Schnurrendes Kammerkätzchen und ein Hengst im Bett

Da das bürgerliche Publikum heute gesitteter ist, vielleicht kultivierter, jedenfalls aber brav aufmerksamer, haben die Macher der Kammeroper München radikal gekürzt. Und ehe man sich’s im Hubertussaal versieht, sind Arien vorbei und die Turbulenzen gehen weiter. Denn Mozarts „La finta semplice“, die „simple Finte“, ist hier weder musikalisch noch dramaturgisch einfach, dafür aber mitreißend und wirklich originell von Dominik Wilgenbus inszeniert.

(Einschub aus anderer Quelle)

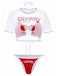 Ensemble bikini blanc avec des touches de rouge et le logo « Cherry » sur fond blanc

In komischen Opern gibt es meist zur Herrschafts- eine Parallelhandlung auf Dienerebene. Die Galanterie der oberen Zehntausend verhindert, was im Volk derber verhandelt werden kann. Die Kammeroper-Version hat die Hausangestellten in Haustiere verwandelt.. Da schnurrt im Zofenkleidchen das Kammerkätzchen zweier altjüngferlicher Pensionsbetreiberinnen: mal auf stimmlich schönen Samtpfoten bis hinauf zu klaren Lustkoloraturen.

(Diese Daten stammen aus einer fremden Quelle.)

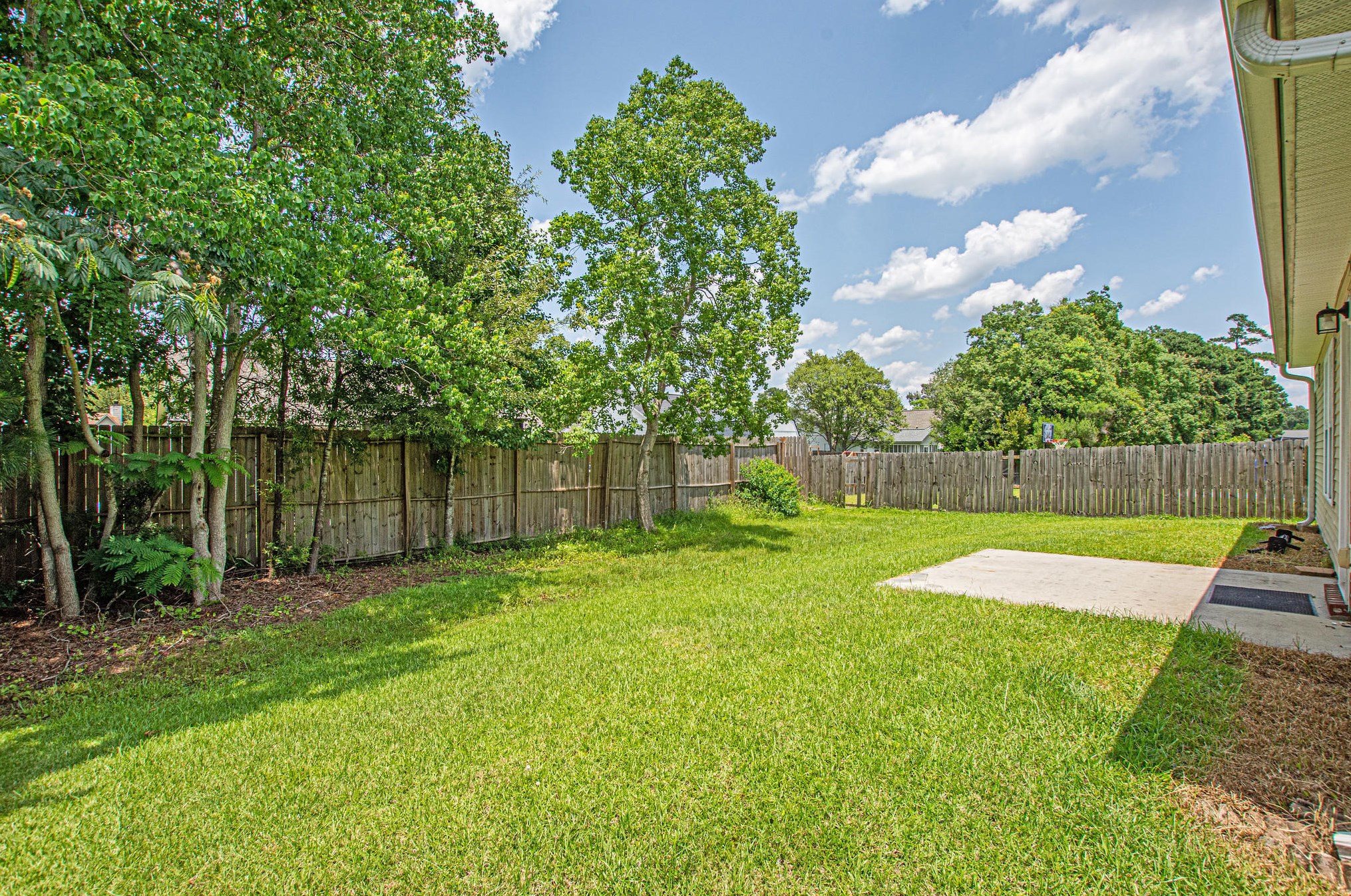 8281 Little Sydneys Way, Charleston SC  29406-8924 exterior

Sie (Leonor Amaral) versucht den Hengst (Clemens Joswig) des Galans im Stück mal zart, mal hart ins Ehebett zu kriegen. Er aber macht klar: Es geht ihm um Spaß, nicht um Heirat!

Diese unbürgerliche, sehr aktuelle Betrachtung von Beziehungsfragen ist ein Trumpf der Wilgenbus’schen frechen, deutschen Fassung, die statt Arien und Rezitativen auch echte Sprechtexte verlangt.

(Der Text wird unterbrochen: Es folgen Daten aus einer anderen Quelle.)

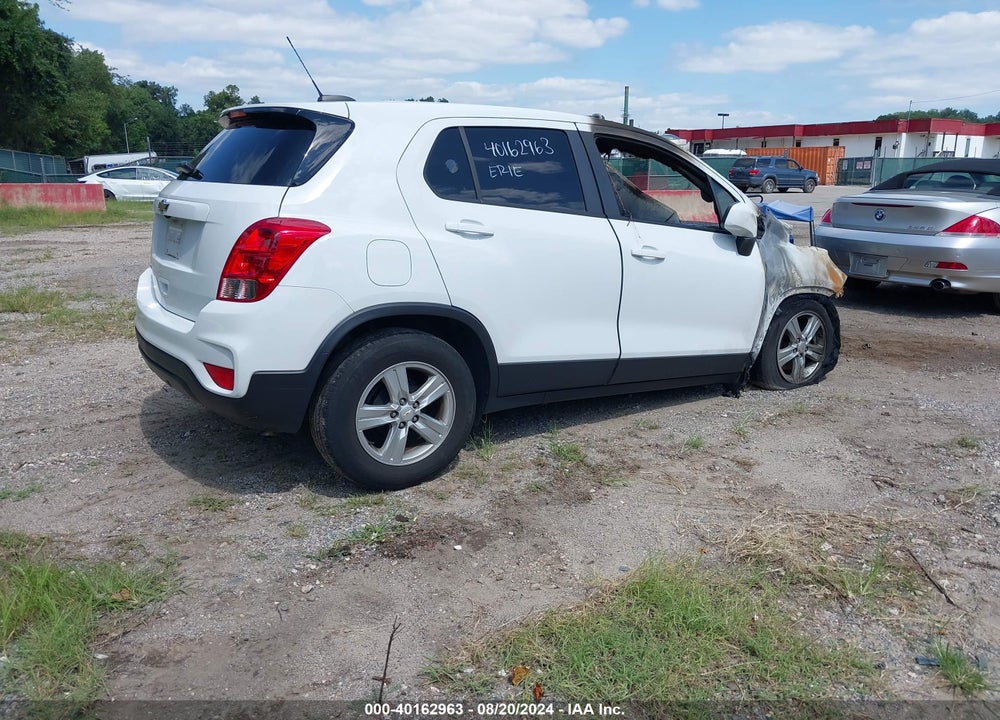 2021 CHEVROLET TRAX FWD LS VIN: KL7CJKSB2MB305088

Fantastische Sing-Schauspieler

Und das ist eine Stärke: Alle Sänger sind fantastische Schauspieler. Der erste Akt endet in einer bunten Massenschlägerei, die kein klassischer Slapstick-Film besser hinbekommt. Wobei – bei allem Amüsement – die Regie niemals in Klamauk abdriftet.

Diese feine Linie nicht zu überschreiten, war auch deshalb eine Kunst, weil der Mozart-Goldoni’schen Verwechslungs-Liebes-Komödie noch weitere Irrungen-Wirrungen eingeimpft wurden. Während das Rokoko hohe Stimmen bevorzugte und oft Männerrollen mit Alt oder Sopran besetzte, hat sich der musikalische Bearbeiter Alexander Krampe dafür entschieden, die beiden alten Pensions-Schwestern mit jungen Männerstimmen zu besetzen, um so ein größeres Klangfarbenspektrum zu haben.

Und hier bekommt die ursprüngliche Travestie – eine Frau verkleidet sich als Mann, um Liebesmechanismen auf die Probe zu stellen – noch weitere Facetten: Die prüde, missgünstige, herrschsüchtige Zimmerwirtin (Carl Rumstadt als wendiger Bass) versucht eine aufflammende Liebe ihrer sensibleren Schwester (Julian Freibott als expressiver Tenor) zu verhindern, diffamiert sie eifersüchtig als „nymphomane Zwiebel“, ehe sie selbst entflammt wird.

Bühnenbildner Peter Engel hat das Ganze auf ein u-förmiges Bühnenpodest gehoben, in dessen Mitte das zehnköpfige Kammerorchester dynamisch spielt, mit Gitarre intimisiert und durch ein Akkordeon nicht folklorisiert, sondern vor allem akustisch elegant unterfüttert. Um das alles so kompakt und publikumsnah hinzubekommen, arbeitet das Bühnenbild mit einer Stapelkistenwand, deren Elemente schnell zu witzigen Puppenkistenmöbeln werden können.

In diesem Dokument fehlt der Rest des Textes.